こういう時は、不本意だが、身体に染みたヴェスの教えに感謝する。
「弱ってるなら弱ってるように見せろ、立ちながら休め」
「そして相手が襲ってきたら来たら絶対殺せ、確実でシンプルな一撃を撃て。」
「逃げるんなら絶対逃げろ、使えるものはなんでも使って逃げろ」
「…生きてるから、稼げるし、勝てるんだよな。」
そう言うとジェイディーは地面を指でなぞり、泥を手に塗る。
掌を合わせ、両手の拳で地面を突いた。
その奇怪な動作を見たハイグールは飛び上がり、ジェイディーに襲いかかる。
ジェイディーの足元から飛び出す黒い弾、飛びかかるハイグールの顔に命中した。
「昔から俺に泥遊びで勝てる奴は居なかったよ」
既に体勢を整え終えたジェイディーは大剣を振りかぶる。
当てたのは泥団子。
ハイグールは泥を顔にかぶり獲物の姿を見失う。
重厚な大剣を一度、最速で振りぬく。
剣が空を裂く音とともに、宙空で上半身と下半身を両断されたハイグールのそれぞれの部位は
乱雑に回転し血しぶきをまき散らしながら転がった。
「いてて…」
やはり剣を振るだけで激痛が伴う。
崩れかかる膝を剣で支え、もう一度息を深く吐き出し、出口に向かう。
「―…。」
気配を感じ再度うしろをに目を凝らす、グールの群れだ。ハイグールもまじりこちらに向かってくる。
「まじかよ…」
この状態であの数を相手することは難しい。
状況を打開するために意識を集中する。
「こっちよ!」光景に気を取られていると、突如明るくなる洞窟内、背後からの声、手を引く誰か。対処する前に腕を引かれ光の中へ。
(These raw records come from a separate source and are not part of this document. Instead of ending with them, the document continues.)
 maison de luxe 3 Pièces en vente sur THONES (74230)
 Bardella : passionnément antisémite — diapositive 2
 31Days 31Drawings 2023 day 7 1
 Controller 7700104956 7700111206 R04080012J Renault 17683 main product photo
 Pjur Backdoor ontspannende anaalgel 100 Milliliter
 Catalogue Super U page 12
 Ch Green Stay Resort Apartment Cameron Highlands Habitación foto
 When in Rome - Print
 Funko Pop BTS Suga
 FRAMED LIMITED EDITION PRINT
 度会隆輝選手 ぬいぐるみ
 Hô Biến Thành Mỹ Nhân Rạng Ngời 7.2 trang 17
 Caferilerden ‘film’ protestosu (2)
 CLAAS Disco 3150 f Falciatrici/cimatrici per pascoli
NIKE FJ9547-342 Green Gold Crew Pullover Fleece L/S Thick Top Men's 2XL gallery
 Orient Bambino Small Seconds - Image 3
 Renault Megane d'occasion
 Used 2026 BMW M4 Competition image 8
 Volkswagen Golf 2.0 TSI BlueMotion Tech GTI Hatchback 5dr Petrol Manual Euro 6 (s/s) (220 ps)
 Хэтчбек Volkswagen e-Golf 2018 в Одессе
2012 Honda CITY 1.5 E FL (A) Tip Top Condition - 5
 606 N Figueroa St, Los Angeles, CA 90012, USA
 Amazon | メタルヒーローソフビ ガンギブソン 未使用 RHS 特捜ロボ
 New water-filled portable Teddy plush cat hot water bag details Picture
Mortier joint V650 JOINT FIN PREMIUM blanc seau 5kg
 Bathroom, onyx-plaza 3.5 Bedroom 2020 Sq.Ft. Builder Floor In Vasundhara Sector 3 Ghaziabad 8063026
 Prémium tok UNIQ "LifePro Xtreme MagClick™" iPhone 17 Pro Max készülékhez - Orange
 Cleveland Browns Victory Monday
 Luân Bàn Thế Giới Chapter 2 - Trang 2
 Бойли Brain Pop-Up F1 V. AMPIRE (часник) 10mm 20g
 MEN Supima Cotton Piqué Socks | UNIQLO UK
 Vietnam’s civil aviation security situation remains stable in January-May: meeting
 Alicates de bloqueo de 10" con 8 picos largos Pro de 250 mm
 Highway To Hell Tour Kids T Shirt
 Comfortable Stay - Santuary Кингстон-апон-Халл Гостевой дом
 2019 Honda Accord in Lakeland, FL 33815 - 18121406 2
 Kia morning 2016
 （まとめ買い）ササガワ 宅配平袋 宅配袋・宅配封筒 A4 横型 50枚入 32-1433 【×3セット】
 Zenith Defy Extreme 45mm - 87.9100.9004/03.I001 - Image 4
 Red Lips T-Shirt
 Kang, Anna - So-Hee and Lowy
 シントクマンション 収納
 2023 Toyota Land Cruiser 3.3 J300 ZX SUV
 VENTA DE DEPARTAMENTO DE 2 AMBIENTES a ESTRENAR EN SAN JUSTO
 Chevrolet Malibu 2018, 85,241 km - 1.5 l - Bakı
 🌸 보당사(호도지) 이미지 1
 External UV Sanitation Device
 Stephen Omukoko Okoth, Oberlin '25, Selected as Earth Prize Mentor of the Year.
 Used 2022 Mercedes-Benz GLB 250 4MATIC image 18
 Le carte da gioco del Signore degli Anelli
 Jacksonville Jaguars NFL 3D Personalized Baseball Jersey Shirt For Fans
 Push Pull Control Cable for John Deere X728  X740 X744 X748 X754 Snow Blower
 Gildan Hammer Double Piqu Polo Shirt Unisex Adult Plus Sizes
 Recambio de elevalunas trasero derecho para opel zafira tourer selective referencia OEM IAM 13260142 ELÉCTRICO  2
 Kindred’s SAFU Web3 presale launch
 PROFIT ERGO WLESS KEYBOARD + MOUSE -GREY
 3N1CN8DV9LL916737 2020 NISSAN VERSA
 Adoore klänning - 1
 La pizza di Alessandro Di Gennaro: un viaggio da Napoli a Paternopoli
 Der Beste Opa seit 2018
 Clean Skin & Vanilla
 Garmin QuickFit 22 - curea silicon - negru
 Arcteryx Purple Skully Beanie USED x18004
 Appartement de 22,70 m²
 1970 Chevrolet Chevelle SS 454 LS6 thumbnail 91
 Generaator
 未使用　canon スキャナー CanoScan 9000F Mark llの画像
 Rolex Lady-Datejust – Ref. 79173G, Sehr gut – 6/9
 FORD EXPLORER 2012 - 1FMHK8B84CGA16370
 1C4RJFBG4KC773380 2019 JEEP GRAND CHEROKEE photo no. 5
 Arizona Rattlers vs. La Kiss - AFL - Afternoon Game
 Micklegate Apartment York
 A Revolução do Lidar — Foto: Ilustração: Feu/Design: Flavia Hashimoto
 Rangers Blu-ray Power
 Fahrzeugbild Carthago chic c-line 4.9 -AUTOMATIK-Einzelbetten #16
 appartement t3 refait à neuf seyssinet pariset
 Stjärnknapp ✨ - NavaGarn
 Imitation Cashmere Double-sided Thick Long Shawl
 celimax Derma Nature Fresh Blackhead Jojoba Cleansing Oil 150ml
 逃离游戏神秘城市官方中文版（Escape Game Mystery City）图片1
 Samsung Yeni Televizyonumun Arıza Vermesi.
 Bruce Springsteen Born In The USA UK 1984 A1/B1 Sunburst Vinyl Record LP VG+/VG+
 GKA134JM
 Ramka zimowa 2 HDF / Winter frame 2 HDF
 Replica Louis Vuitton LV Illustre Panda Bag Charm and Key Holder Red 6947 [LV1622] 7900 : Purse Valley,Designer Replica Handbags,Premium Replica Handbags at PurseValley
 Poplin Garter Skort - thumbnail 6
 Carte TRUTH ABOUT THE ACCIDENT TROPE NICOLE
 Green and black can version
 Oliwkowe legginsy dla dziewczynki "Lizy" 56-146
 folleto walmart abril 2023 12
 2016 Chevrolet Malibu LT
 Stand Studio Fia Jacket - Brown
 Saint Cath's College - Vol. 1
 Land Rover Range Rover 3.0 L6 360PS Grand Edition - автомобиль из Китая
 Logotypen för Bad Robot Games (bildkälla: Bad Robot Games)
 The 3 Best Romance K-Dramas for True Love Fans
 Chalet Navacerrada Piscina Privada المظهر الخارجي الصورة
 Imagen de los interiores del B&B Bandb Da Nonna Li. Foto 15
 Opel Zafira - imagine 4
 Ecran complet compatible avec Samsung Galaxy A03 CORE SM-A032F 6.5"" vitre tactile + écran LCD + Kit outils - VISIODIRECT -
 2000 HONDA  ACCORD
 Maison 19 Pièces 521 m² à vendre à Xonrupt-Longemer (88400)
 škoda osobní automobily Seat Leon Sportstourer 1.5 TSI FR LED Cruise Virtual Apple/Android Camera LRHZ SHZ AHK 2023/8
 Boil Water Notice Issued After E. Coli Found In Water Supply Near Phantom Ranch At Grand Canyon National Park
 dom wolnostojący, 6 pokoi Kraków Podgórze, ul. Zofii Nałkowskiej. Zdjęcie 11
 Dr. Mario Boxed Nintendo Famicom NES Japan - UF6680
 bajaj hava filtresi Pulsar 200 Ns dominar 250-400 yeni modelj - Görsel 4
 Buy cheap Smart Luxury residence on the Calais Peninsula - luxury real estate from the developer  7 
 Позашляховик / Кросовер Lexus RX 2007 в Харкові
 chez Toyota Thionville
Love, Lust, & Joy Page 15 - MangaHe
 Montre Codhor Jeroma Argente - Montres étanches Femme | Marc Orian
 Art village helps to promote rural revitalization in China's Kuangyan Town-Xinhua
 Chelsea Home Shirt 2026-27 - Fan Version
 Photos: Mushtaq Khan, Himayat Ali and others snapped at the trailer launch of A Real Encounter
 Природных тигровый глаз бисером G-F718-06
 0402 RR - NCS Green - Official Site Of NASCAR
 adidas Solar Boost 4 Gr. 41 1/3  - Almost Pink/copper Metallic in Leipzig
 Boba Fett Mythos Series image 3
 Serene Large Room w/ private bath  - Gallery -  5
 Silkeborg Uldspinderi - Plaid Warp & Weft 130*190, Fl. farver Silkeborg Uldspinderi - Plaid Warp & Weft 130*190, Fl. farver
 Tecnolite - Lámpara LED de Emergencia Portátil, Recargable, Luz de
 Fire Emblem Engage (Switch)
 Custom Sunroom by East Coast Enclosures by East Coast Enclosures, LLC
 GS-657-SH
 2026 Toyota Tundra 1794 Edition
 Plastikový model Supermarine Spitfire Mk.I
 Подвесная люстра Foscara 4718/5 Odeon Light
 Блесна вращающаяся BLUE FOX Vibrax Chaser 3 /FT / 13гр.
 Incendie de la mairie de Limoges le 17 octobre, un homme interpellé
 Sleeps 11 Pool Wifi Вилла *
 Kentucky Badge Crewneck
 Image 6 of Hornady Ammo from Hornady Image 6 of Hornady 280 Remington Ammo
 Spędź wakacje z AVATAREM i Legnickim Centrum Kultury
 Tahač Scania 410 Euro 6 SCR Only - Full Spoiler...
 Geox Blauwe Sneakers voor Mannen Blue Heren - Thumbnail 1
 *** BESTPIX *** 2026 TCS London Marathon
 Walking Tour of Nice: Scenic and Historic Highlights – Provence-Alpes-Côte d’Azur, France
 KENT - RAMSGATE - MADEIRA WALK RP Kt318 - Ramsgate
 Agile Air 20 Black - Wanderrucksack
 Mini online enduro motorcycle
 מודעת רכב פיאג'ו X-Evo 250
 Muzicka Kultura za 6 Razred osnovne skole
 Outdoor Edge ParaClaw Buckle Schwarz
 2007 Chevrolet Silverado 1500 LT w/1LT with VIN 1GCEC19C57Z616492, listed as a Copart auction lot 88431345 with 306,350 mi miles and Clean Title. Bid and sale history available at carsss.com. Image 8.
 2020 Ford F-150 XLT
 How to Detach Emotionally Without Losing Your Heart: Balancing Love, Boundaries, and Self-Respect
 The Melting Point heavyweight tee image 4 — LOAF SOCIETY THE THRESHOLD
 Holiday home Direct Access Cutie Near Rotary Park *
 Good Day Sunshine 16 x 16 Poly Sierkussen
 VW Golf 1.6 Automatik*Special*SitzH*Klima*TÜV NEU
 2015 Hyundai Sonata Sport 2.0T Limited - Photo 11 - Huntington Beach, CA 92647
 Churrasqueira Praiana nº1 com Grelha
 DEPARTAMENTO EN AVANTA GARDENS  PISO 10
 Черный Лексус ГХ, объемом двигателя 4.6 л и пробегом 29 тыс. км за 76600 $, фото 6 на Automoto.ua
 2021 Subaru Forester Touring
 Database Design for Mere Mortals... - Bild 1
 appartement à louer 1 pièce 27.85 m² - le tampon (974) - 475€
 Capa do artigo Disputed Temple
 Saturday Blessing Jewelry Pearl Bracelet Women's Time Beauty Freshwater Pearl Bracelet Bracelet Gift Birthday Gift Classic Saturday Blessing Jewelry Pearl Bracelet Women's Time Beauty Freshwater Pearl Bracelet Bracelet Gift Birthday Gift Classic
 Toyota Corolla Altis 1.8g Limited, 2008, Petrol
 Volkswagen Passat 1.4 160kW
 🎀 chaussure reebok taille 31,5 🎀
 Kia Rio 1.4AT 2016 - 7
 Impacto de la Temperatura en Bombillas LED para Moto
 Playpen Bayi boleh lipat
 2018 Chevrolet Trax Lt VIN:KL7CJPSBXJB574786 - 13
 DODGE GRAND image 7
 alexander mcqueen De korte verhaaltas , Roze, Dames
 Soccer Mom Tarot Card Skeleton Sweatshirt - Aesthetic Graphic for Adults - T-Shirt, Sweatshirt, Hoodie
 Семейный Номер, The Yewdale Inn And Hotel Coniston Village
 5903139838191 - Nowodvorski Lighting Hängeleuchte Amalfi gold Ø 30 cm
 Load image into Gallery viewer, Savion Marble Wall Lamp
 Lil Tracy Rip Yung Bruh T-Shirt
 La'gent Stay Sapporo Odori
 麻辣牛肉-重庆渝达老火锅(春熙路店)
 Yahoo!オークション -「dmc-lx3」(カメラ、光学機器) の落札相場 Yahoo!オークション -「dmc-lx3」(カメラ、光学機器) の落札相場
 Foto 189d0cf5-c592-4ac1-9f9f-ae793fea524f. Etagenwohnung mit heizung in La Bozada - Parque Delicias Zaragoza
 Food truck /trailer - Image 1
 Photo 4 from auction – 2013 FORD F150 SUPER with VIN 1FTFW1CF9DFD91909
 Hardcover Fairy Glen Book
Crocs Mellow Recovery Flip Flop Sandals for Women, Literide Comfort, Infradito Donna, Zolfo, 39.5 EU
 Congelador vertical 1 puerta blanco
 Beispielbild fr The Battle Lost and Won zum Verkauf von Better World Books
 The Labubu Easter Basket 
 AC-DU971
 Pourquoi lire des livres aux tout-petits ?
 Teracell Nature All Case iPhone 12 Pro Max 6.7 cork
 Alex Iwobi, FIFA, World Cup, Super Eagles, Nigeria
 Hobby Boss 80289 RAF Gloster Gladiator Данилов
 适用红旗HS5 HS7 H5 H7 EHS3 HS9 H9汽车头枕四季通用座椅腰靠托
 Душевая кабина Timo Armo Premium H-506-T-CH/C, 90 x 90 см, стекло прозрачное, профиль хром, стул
光を抜け、自分を包んだ光は消え、その先にはミラニットと見覚えのない女性。
そしてベッドに横たわるシデン。
「危なかったわね」
綺麗な青の髪を結い、その女性は俺を一度ちらりと見ると、すぐにシデンの容態を伺う。
「ミラニット…、ここは…?」
少し安堵したようなミラニットの顔。
「ジェイディーここはカジャの近くの小屋、この人は砦に戻る途中の私を助けてくれたの。」
ミラニットに促されるように、彼女を見る。
シデンの傷口を押さえ、何かを呟き魔法を施しているようだ。
「あなたは…魔法使いか」
「ええ」彼女は間髪入れずに返事だけした。
施術に集中したいのだろう、押し黙るジェイディー。
ミラニットが何も言わないところを見ると、これでいいのだろうが、シデンの様子が気になる。
しばらくして施術が終わり、彼女は小さく息を着く。
グレーの瞳が俺とミラニットを交互に見る。